Amazon said Wednesday it was slashing another 16,000 jobs across the company in an ongoing bid to restructure the sprawling trillion-dollar firm.
“The reductions we are making today will impact approximately 16,000 roles across Amazon, and we’re again working hard to support everyone whose role is impacted,” Amazon’s senior vice president of people experience Beth Galetti said in a memo to employees.
“That starts with offering most US-based employees 90 days to look for a new role internally,” she said. Amazon will “continue hiring and investing in strategic areas and functions that are critical to our future.”
Galetti said the cuts would “strengthen our organization by reducing layers, increasing ownership, and removing bureaucracy.”
In October, Amazon cut 14,000 jobs primarily at the corporate level. At the time, Galetti cited AI as being the “most transformative technology we’ve seen since the internet.”

Amazon has 1.55 million employees worldwide, the company said in a filing last year.
It said on Tuesday that it would close some of its Amazon Go and Amazon Fresh physical stores, planning to convert some into Whole Foods Market stores.

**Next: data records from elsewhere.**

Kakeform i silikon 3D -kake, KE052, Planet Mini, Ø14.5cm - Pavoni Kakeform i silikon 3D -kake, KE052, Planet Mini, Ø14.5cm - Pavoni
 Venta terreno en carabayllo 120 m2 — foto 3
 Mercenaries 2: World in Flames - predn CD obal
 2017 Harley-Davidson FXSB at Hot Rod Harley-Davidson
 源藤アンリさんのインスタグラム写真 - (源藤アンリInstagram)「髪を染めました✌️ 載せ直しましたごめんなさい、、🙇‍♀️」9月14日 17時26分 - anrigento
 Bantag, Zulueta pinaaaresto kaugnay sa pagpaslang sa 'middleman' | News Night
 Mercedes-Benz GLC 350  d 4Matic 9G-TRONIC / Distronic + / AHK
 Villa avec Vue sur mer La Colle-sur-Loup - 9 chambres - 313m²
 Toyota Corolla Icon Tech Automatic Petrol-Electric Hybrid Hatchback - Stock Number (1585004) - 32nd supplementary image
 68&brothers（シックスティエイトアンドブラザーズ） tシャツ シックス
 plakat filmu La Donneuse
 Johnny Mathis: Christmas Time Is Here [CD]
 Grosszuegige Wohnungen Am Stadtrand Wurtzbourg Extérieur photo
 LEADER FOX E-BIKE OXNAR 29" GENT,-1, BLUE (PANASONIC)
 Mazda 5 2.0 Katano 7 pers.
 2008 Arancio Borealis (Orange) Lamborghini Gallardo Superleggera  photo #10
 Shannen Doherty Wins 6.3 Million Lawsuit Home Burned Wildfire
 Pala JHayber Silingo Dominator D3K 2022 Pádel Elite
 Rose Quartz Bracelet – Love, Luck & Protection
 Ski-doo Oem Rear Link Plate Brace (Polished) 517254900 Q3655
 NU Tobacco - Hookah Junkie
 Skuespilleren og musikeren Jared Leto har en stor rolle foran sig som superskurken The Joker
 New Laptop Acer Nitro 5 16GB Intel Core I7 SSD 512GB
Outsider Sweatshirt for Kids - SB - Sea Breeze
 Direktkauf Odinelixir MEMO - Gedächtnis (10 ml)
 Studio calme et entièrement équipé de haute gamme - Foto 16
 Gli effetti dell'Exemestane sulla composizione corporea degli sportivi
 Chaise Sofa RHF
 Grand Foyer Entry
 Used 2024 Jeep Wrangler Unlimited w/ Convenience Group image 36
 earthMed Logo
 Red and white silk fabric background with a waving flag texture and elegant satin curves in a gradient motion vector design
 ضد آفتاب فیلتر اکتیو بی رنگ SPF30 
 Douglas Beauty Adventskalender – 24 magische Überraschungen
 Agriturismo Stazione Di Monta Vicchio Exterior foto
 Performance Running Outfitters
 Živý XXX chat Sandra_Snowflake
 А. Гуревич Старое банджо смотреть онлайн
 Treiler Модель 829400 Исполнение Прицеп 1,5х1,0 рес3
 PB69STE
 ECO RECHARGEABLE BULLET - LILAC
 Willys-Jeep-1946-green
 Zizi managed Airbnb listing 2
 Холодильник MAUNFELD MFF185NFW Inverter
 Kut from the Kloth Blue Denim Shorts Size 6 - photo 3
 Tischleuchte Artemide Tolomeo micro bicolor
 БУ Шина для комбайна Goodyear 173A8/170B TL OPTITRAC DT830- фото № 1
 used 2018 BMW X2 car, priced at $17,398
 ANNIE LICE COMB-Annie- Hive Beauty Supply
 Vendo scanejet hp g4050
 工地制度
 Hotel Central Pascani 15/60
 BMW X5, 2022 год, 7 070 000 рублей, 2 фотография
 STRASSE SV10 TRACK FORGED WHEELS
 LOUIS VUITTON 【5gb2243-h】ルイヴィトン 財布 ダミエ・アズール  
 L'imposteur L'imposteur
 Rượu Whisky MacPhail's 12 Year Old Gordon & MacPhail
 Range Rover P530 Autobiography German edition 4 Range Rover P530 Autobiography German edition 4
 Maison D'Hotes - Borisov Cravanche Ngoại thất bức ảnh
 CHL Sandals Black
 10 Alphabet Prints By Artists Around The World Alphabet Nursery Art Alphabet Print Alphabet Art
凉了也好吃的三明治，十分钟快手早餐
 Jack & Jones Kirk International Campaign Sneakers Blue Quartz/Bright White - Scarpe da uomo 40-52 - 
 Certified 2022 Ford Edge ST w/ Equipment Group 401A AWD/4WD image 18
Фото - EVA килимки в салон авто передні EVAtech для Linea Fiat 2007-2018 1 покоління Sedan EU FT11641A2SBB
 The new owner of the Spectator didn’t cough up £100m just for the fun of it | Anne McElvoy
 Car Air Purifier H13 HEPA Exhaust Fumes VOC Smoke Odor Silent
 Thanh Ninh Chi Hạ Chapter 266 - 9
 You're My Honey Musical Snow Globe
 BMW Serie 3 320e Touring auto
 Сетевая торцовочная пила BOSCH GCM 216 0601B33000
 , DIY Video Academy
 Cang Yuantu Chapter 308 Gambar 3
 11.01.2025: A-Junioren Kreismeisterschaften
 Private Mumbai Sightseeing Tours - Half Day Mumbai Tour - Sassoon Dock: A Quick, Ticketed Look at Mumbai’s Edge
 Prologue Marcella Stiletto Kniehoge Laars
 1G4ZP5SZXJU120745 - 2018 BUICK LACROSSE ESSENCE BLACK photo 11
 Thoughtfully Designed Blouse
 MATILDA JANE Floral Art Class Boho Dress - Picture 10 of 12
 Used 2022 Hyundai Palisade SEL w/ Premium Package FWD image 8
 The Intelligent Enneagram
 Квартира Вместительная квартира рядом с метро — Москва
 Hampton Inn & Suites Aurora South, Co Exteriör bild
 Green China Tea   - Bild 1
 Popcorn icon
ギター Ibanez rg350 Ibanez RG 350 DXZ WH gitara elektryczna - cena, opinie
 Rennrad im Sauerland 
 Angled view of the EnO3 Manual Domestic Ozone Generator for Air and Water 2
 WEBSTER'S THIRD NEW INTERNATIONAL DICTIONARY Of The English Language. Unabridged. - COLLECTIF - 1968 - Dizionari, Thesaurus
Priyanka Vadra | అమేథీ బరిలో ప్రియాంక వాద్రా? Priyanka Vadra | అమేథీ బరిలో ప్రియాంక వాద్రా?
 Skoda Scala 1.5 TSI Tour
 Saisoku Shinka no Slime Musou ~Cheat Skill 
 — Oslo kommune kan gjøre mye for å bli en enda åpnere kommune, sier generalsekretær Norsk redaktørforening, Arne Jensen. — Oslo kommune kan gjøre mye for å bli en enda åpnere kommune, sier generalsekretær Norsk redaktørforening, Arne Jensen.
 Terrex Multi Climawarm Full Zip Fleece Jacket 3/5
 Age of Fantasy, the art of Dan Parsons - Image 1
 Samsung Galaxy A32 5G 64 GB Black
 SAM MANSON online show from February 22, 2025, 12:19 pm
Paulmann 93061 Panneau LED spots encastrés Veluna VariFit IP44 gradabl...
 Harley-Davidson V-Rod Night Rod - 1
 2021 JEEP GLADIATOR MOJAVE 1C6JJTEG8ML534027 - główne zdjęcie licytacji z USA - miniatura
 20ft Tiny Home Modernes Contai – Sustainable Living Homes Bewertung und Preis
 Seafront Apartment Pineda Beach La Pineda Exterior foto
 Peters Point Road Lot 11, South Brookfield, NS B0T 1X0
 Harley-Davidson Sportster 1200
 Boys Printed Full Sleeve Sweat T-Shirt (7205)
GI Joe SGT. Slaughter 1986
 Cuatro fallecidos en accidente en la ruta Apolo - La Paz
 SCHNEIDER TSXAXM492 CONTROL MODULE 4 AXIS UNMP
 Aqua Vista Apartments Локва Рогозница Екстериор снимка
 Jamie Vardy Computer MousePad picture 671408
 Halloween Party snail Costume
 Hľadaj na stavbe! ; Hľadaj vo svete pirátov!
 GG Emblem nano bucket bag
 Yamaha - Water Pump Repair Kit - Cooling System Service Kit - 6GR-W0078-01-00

While AI was not explicitly cited in Wednesday’s note to Amazon workers, the cuts come as workers nationwide brace for the impact of artificial intelligence in a sluggish labor market.
Companies have started citing “efficiency” as they pursue the implementation of AI.
On Monday, Goldman Sachs CEO David Solomon said that his firm’s headcount would be “more constrained in 2026” as the company sees “opportunities for efficiency and we try to deploy those.”
On Tuesday, Pinterest said it would cut 15% of its workforce as it pivoted “resources to AI-focused roles and teams that drive AI adoption and execution.”
Last year, Microsoft said it was eliminating 9,000 jobs to improve efficiency. Target also cut 1,800 corporate jobs to reduce “complexity.” Instagram and Facebook owner Meta Platforms also reduced its workforce by around 600 jobs as it shifted toward artificial intelligence.
At the same time, hiring nationwide is slowing and inflation remains elevated.
After three months of contraction last year, the U.S. economy added only 56,000 jobs in November and just 50,000 in December. Meanwhile, inflation remains at 2.7%, well above the Fed’s target of 2%.